As usual, the structure of your documentation was clear and well done. No backtracking to previous weeks was needed to understand it, and you wrote a very concise overview of your current state. The diagram is a nice touch to visualize your process. However, something that I felt the documentation lacked was a discussion what the numbers mean for you. I.e. you have 139,343 triples, but do you think that is enough, to little or maybe even too much to work with? Are you okay with roughly 8 hours of processing time? I.e. for us is seems good, but that because our approach takes more than two days but never needs to be repeated. However, if this has to be done more than once, 8 hours might be bad. Also, some background information on the IKW grid, even just a link to a website, would be useful follow what you are doing. If we would never have heard of it before, I wouldn't understand why jobs are killed, or why the memory might be an issue. We also wanted to have a look at your code, it would have been nice if you mentioned which files are relevant for your tasks, as you have quite a number of them, and some, i.e. "text.py", "project.py", "notes.py" or your sge files, we are not sure if they are part of your current process, of just old leftovers. Also, as you are printing large amounts of data in i.e. get_triples, you might consider making use of a logger, so that you can set information that to a low priority logging level and not spam your console when you don't need it. Small nitpicking, you misspelled database "databse" once.
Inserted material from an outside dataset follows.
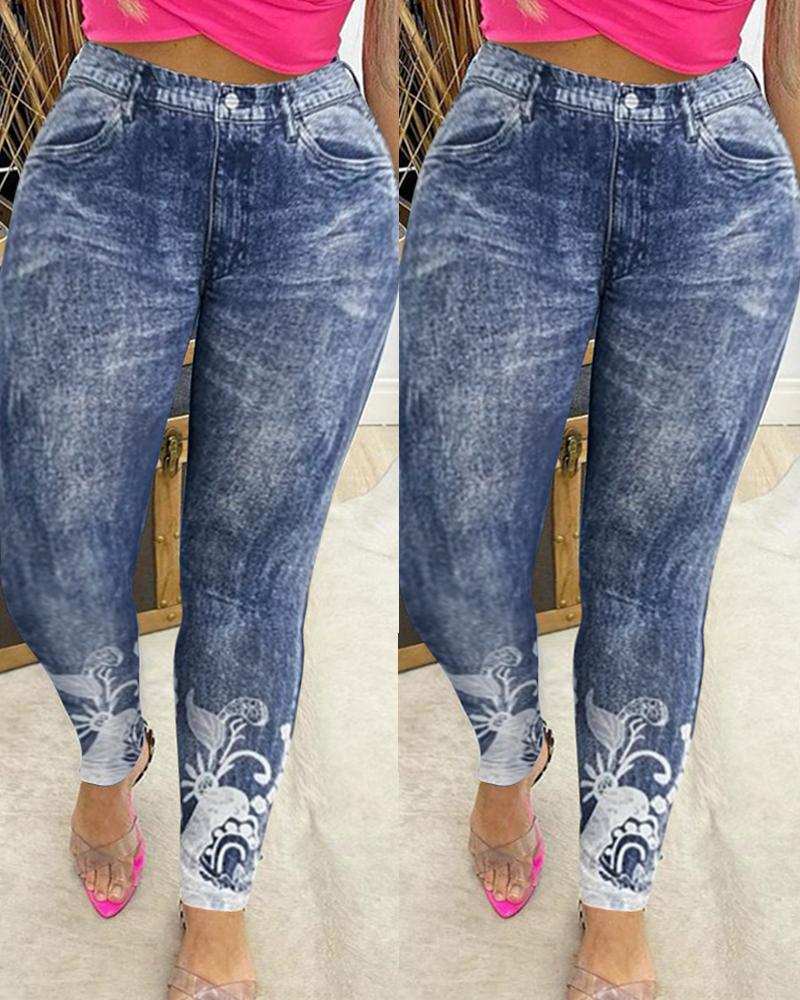 

Floral Print Washing Effect Skinny High Waist Denim Pants Jeans, Blue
bmajumderuos commented 5 years ago

Hi Group Delta,

Feedback Week 7: Overall your documentation is detailed, consistent and complete. Following are the comments for the individual areas:

Regarding actual approach/design decisions: The approach and design decisions have been clearly explained and detailed.

Regarding completeness of the actual documentation: The documentation seems complete with the relevant details covered. A bit more detail on Matthews correlation coefficient would have been better since that is something that wasn’t part of the discussions. The codes well commented(you seem to have a comment in german in the entities_meta_infomation.py , would be great to have everything in english) and easy to understand.

Regarding Style & Readability: Overall the classification of topics and readability is good. You have split the content under suitable sub-headings and it’s easy to read and understand.

Good luck with your dataset!